Correlation Between Ford and StarTek
Can any of the company-specific risk be diversified away by investing in both Ford and StarTek at the same time? Although using a correlation coefficient on its own may not help to predict future stock returns, this module helps to understand the diversifiable risk of combining Ford and StarTek into the same portfolio, which is an essential part of the fundamental portfolio management process.
By analyzing existing cross correlation between Ford Motor and StarTek, you can compare the effects of market volatilities on Ford and StarTek and check how they will diversify away market risk if combined in the same portfolio for a given time horizon. You can also utilize pair trading strategies of matching a long position in Ford with a short position of StarTek. Check out your portfolio center. Please also check ongoing floating volatility patterns of Ford and StarTek.
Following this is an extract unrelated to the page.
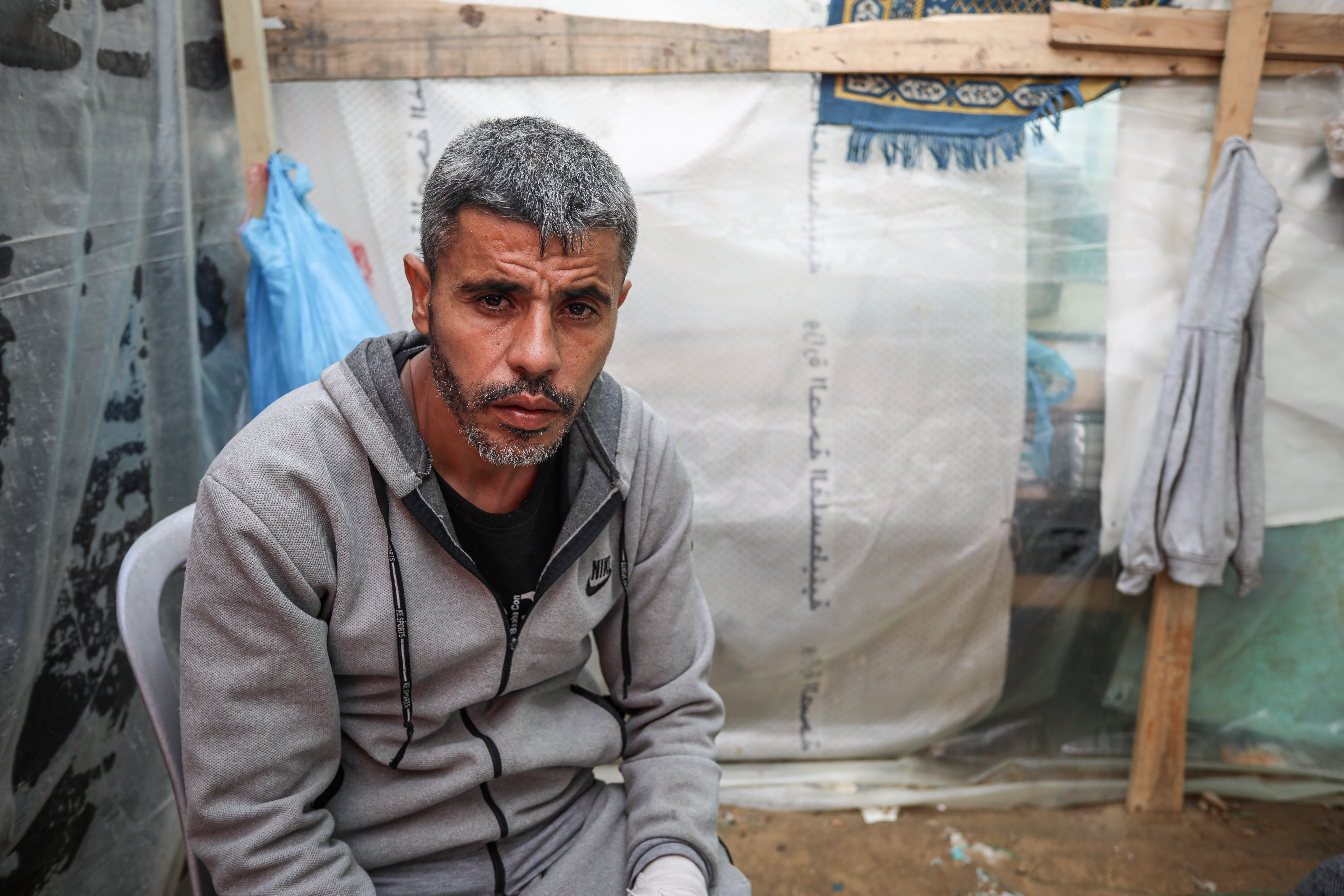 Ayman Harb, who was injured after Israeli warplanes targeted a market in Shujaiyeh, was forced to flee to central Gaza Strip with his family who are living in a tent for displaced people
Diversification Opportunities for Ford and StarTek
Pay attention - limited upside
The 3 months correlation between Ford and StarTek is 0.0. Overlapping area represents the amount of risk that can be diversified away by holding Ford Motor and StarTek in the same portfolio, assuming nothing else is changed. The correlation between historical prices or returns on StarTek and Ford is a relative statistical measure of the degree to which these equity instruments tend to move together. The correlation coefficient measures the extent to which returns on Ford Motor are associated (or correlated) with StarTek. Values of the correlation coefficient range from -1 to +1, where. The correlation of zero (0) is possible when the price movement of StarTek has no effect on the direction of Ford i.e., Ford and StarTek go up and down completely randomly.
Pair Corralation between Ford and StarTek
If you would invest 971.00 in Ford Motor on December 27, 2024 and sell it today you would earn a total of 58.00 from holding Ford Motor or generate 5.97% return on investment over 90 days.
Time Period | 3 Months [change] |
Direction | Flat |
Strength | Insignificant |
Accuracy | 0.0% |
Values | Daily Returns |
Ford Motor vs. StarTek
Performance |
Timeline |
Ford Motor |
StarTek |
Risk-Adjusted Performance
Very Weak
Weak | Strong |
Ford and StarTek Volatility Contrast
Predicted Return Density |
Returns |
Pair Trading with Ford and StarTek
The main advantage of trading using opposite Ford and StarTek positions is that it hedges away some unsystematic risk. Because of two separate transactions, even if Ford position performs unexpectedly, StarTek can make up some of the losses. Pair trading also minimizes risk from directional movements in the market. For example, if an entire industry or sector drops because of unexpected headlines, the short position in StarTek will offset losses from the drop in StarTek's long position.The idea behind Ford Motor and StarTek pairs trading is to make the combined position market-neutral, meaning the overall market's direction will not affect its win or loss (or potential downside or upside). This can be achieved by designing a pairs trade with two highly correlated stocks or equities that operate in a similar space or sector, making it possible to obtain profits through simple and relatively low-risk investment.Check out your portfolio center.Note that this page's information should be used as a complementary analysis to find the right mix of equity instruments to add to your existing portfolios or create a brand new portfolio. You can also try the Sign In To Macroaxis module to sign in to explore Macroaxis' wealth optimization platform and fintech modules.